RECORDS PROVIDED:
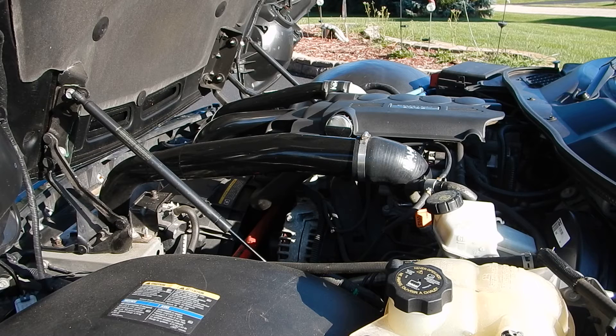Hey guys, this is my 2006 Pontiac Solstice 2.4 liter base model. It has a Han aftermarket turbo kit installed with an intercooler. The kit is about $4,000.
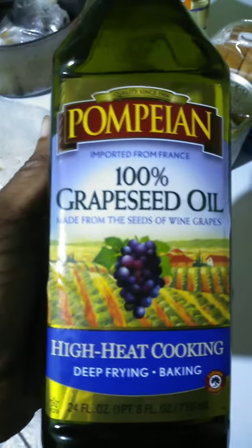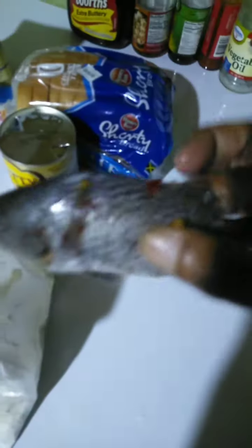Good morning! This morning breakfast will be Oval TNT with shortbread and fried fish. My fish is already seasoned from overnight. I'm going to use some grapeseed oil to deep fry them, and put my fish inside my flour bag.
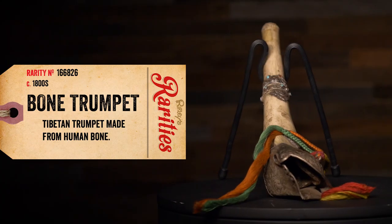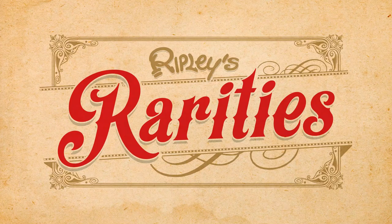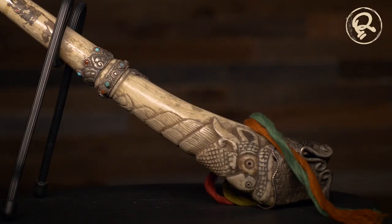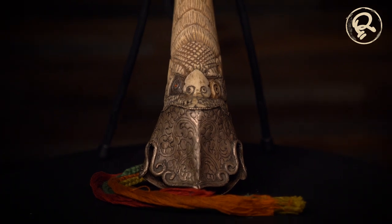This Tibetan trumpet is made from a human thigh bone. The people of Tibet have long offered their ancestral spirits by making their ceremonial implements from the bones of their predecessors. Trumpets like these, made from human thigh bones, predate the arrival of Buddhism in the country and were used in ceremonies of worship.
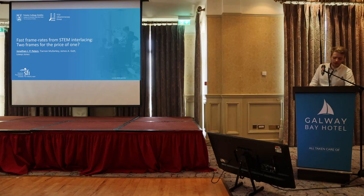Hello, I'm Jonathan Peters from the Ultramicroscopy Group in Trinity College Dublin, and I'm going to be going through how we are improving the frame rates we can get from our STEMs.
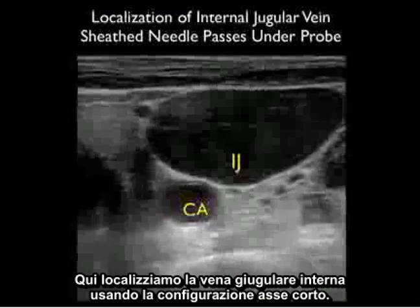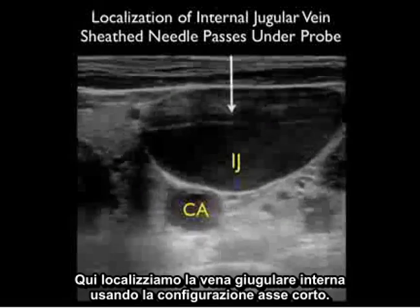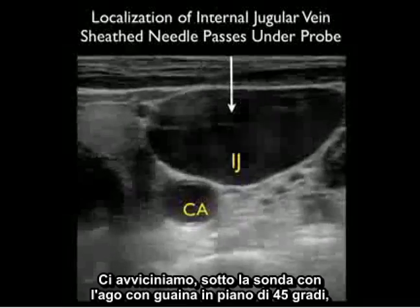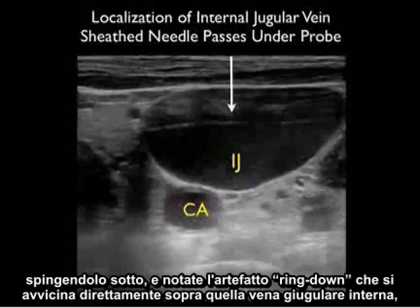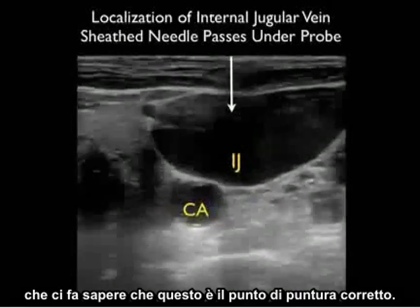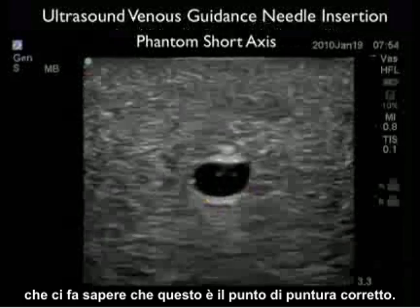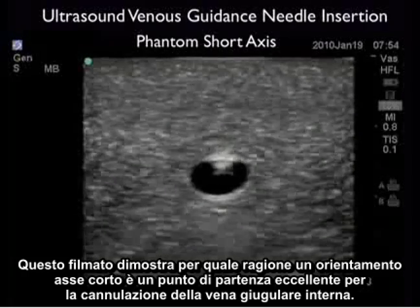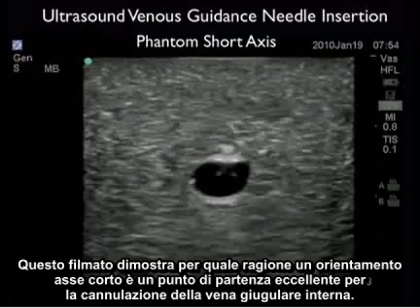Here we're localizing the internal jugular vein using this short axis configuration. We're coming in underneath the probe with the sheath needle at that 45-degree plane, pushing in underneath, and notice the ring-down artifact coming in directly on top of that internal jugular vein, telling us this is the correct puncture point. This video clip shows why a short axis orientation is an excellent starting point for cannulation of an internal jugular vein.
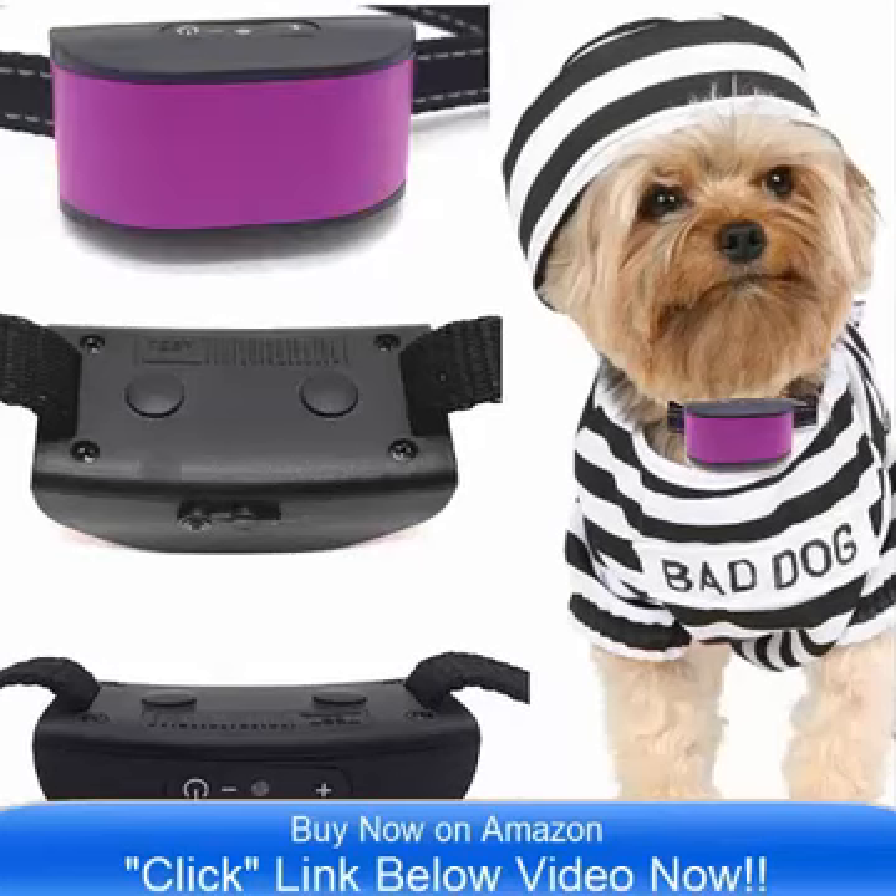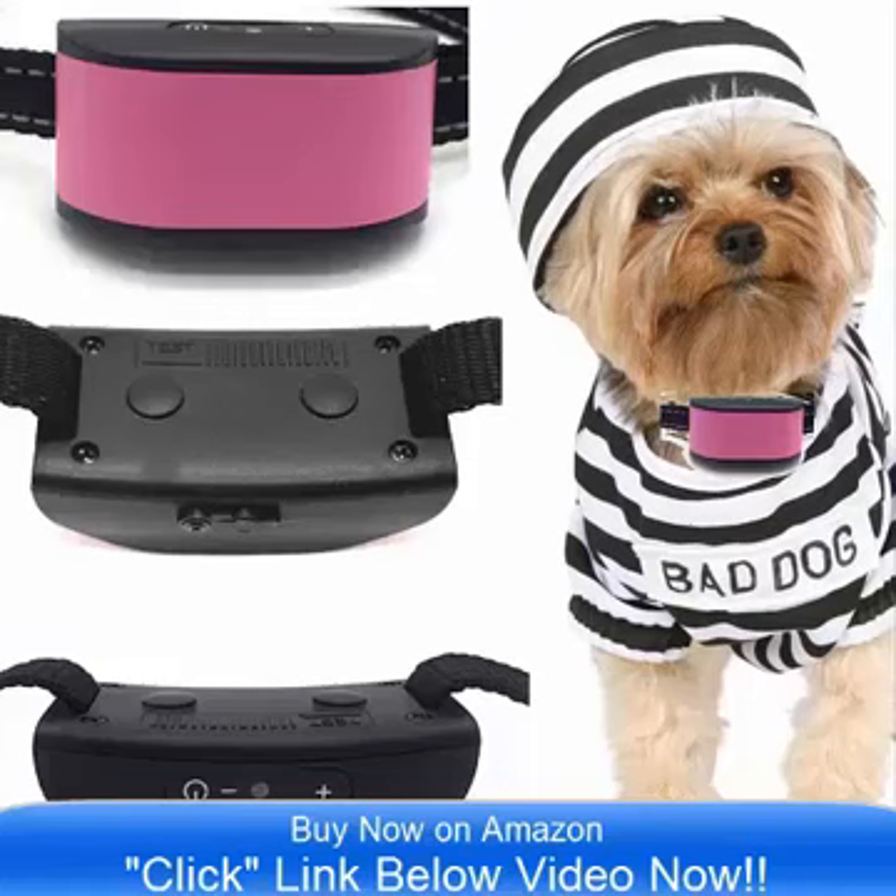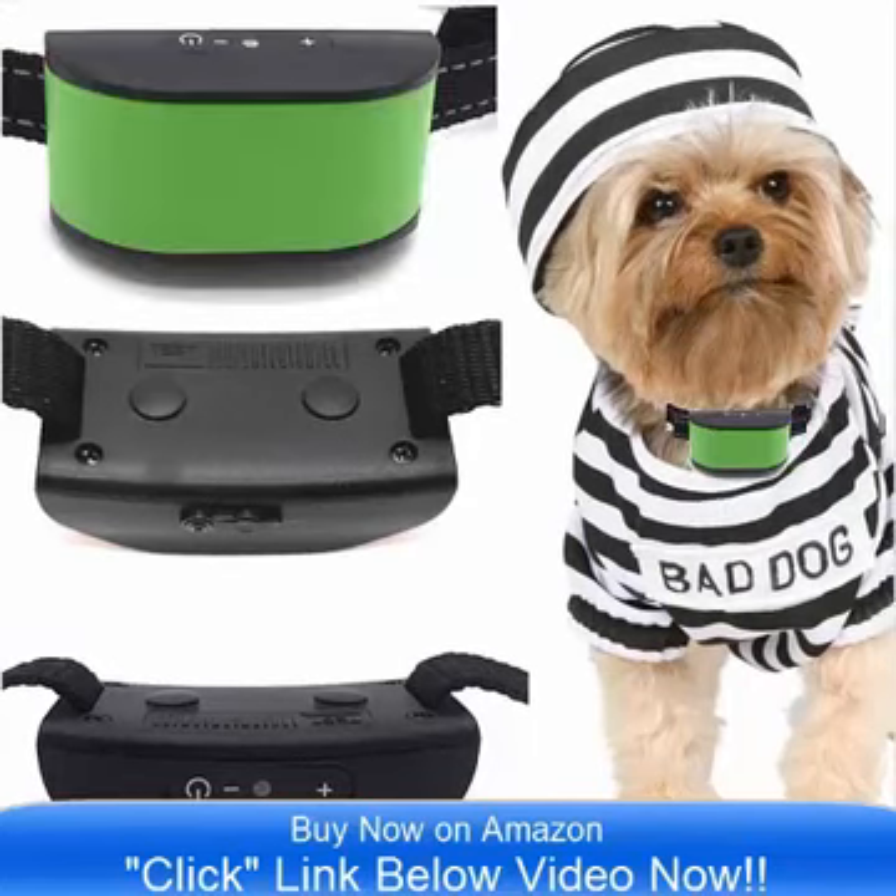The Ultimate 680 DCB Vibrate Collar is designed especially for small dogs that are 4 pounds to 12 pounds. It is ideal.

YOUR INSTRUCTIONS:
Each line of the data above needs to be retyped as it is, without any picture.

ANSWER TO THIS PROBLEM:
Hey guys, this is my 2006 Pontiac Solstice 2.4 liter base model. It has a Han aftermarket turbo kit installed with an intercooler. The kit is about $4,000.
Good morning! This morning breakfast will be Oval TNT with shortbread and fried fish. My fish is already seasoned from overnight. I'm going to use some grapeseed oil to deep fry them, and put my fish inside my flour bag.
This Tibetan trumpet is made from a human thigh bone. The people of Tibet have long offered their ancestral spirits by making their ceremonial implements from the bones of their predecessors. Trumpets like these, made from human thigh bones, predate the arrival of Buddhism in the country and were used in ceremonies of worship.
Hello, I'm Jonathan Peters from the Ultramicroscopy Group in Trinity College Dublin, and I'm going to be going through how we are improving the frame rates we can get from our STEMs.
Here we're localizing the internal jugular vein using this short axis configuration. We're coming in underneath the probe with the sheath needle at that 45-degree plane, pushing in underneath, and notice the ring-down artifact coming in directly on top of that internal jugular vein, telling us this is the correct puncture point. This video clip shows why a short axis orientation is an excellent starting point for cannulation of an internal jugular vein.
The Ultimate 680 DCB Vibrate Collar is designed especially for small dogs that are 4 pounds to 12 pounds. It is ideal.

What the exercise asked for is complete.